A short sale is when a bank or mortgage lender agrees to discount a loan balance due to an economic or financial hardship on the part of the mortgagor. This negotiation is all done through communication with a bank’s loss mitigation department. The home owner/debtor sells the mortgaged property for less than the outstanding balance of the loan, and turns over the proceeds of the sale to the lender in full satisfaction of the debt. In such instances, the lender would have the right to approve or disapprove of a proposed sale.
Extenuation circumstances influence whether or not banks will discount a loan balance. These circumstances are usually related to the current real estate market climate and the individual borrower’s financial situation.
A short sale typically is executed to prevent a home foreclosure. Often a bank will choose to allow a short sale if they believe that it will result in a smaller financial loss than foreclosing. For the home owner, the advantages include avoidance of having foreclosure on their credit history and the partial control of the monetary deficiency. Additionally, a short sale is typically faster and less expensive than a foreclosure. In short, a short sale is nothing more than negotiating with lien holders a payoff for less than what they are owed, or rather a sale of a debt, generally on a piece of real estate, short of the full debt amount.

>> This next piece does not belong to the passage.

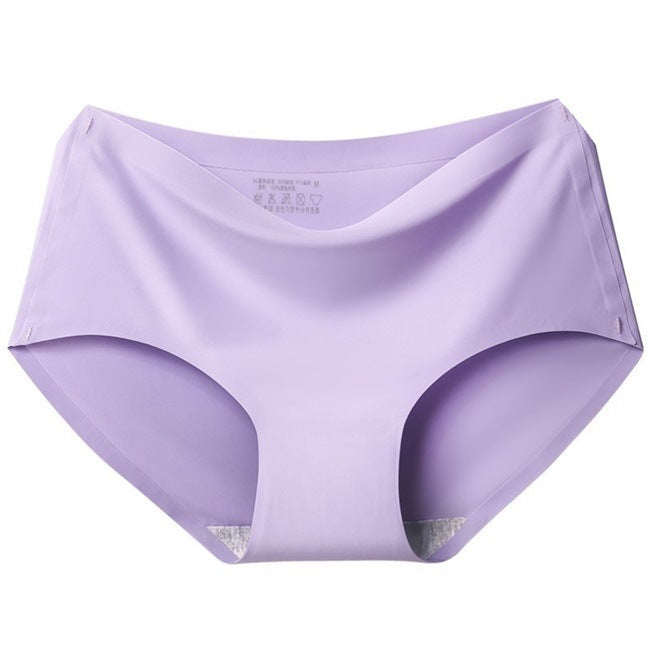 Light plate 810 ice silk seamless underwear one-piece cotton bottom crotch breathable mid-waist sexy women's briefs manufacturer20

Creditors, their surrogates, and those who politically benefit from the mortgage industry – especially those in the real-estate, mortgage servicing, and banking wrongly portray short sales as difficult to complete or morally questionable. This is simply untrue if the value of the underlying asset, a home, has fallen dramatically and debtor has limited assets. Short sales are extraordinarily common in standard business transactions in recognition that creditors are not doing debtors a favor but, rather, engaging in a business transaction when extending credit. When it makes no business sense or is economically not feasible to retain an asset businesses default on their loans (called bonds). It is not uncommon for business bonds to trade on the after-market for a small fraction of their face value in realization of the likelihood of these future defaults.